Material shown —

━━━━━━━━━━━━━━━━━━━━

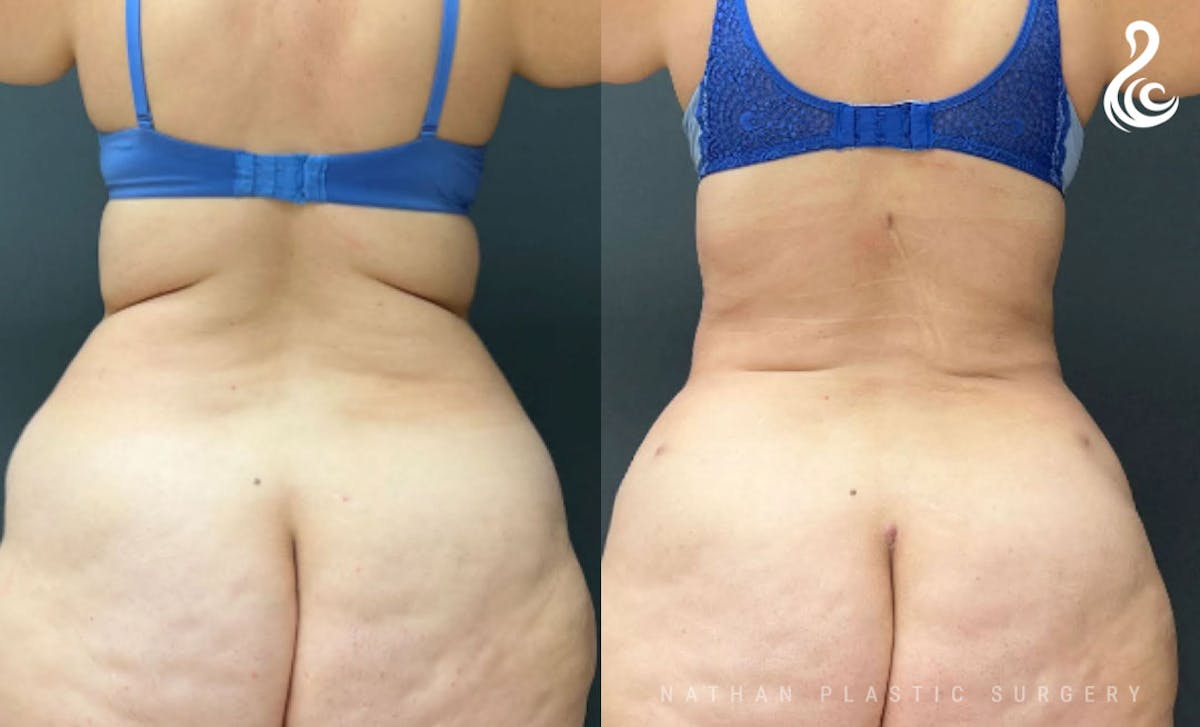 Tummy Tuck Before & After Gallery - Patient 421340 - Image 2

━━━━━━━━━━━━━━━━━━━━

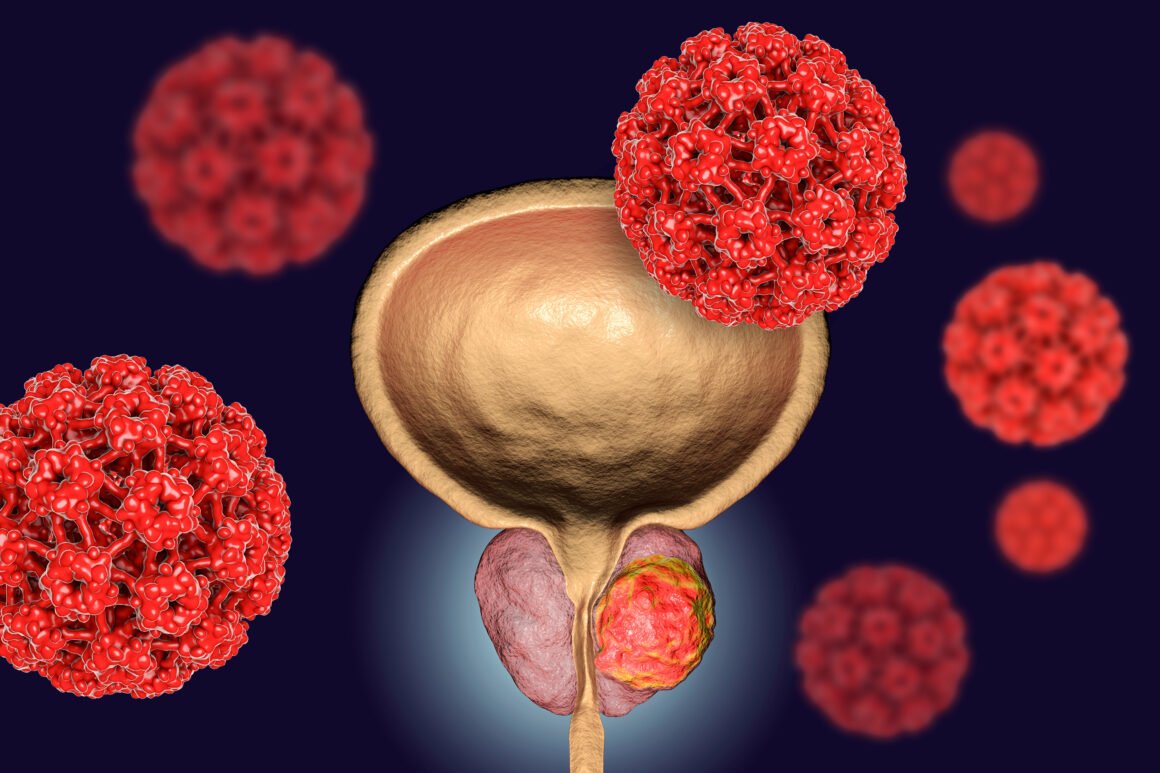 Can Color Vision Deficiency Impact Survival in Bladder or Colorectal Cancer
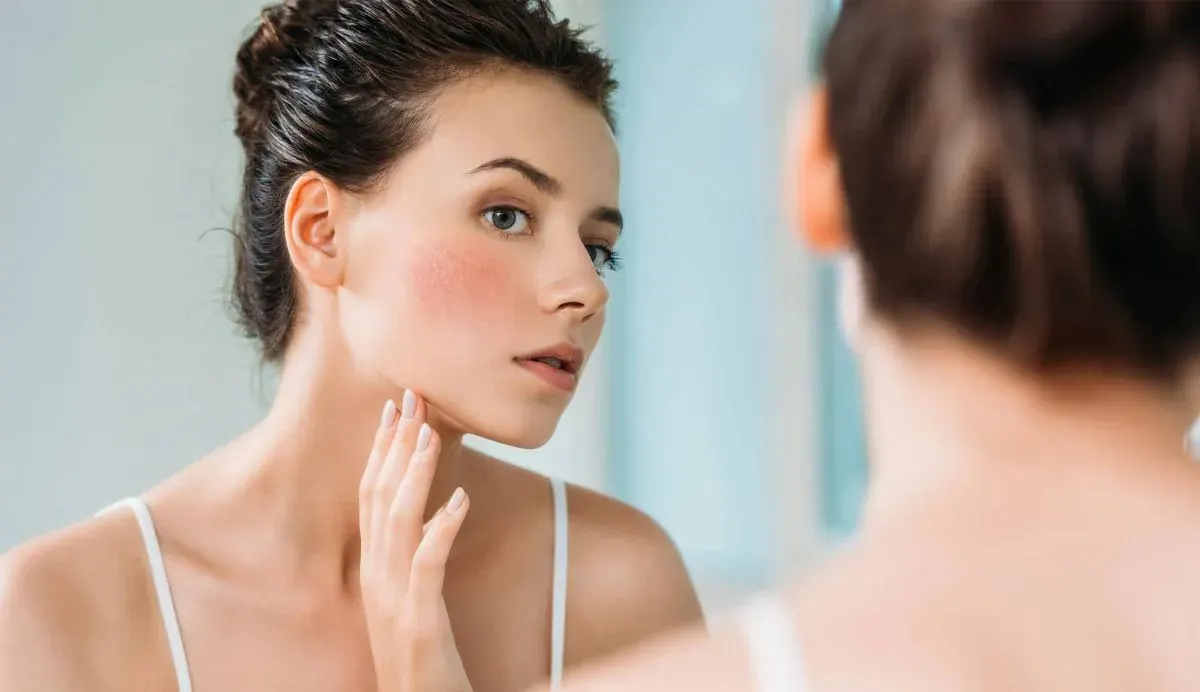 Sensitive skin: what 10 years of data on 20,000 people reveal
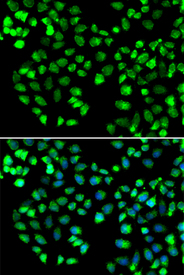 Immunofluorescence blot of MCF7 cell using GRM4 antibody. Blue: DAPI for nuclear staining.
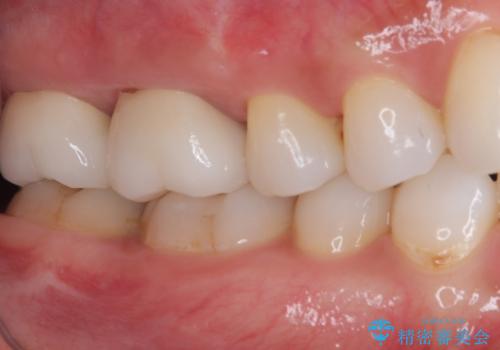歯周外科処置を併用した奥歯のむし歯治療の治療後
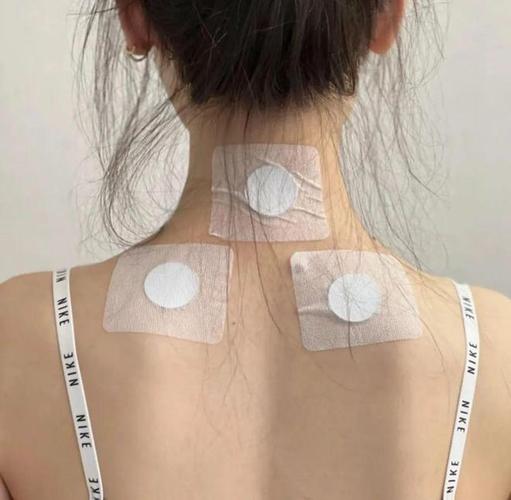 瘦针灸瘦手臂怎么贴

━━━━━━━━━━━━━━━━━━━━

In the listing above, find the line with "Can Color Vision" and the line with "歯周外科処置を併用した奥歯のむし歯治療の治療後". Copy exactly those lines and all between them, minus the images.

 Can Color Vision Deficiency Impact Survival in Bladder or Colorectal Cancer
 Sensitive skin: what 10 years of data on 20,000 people reveal
 Immunofluorescence blot of MCF7 cell using GRM4 antibody. Blue: DAPI for nuclear staining.
歯周外科処置を併用した奥歯のむし歯治療の治療後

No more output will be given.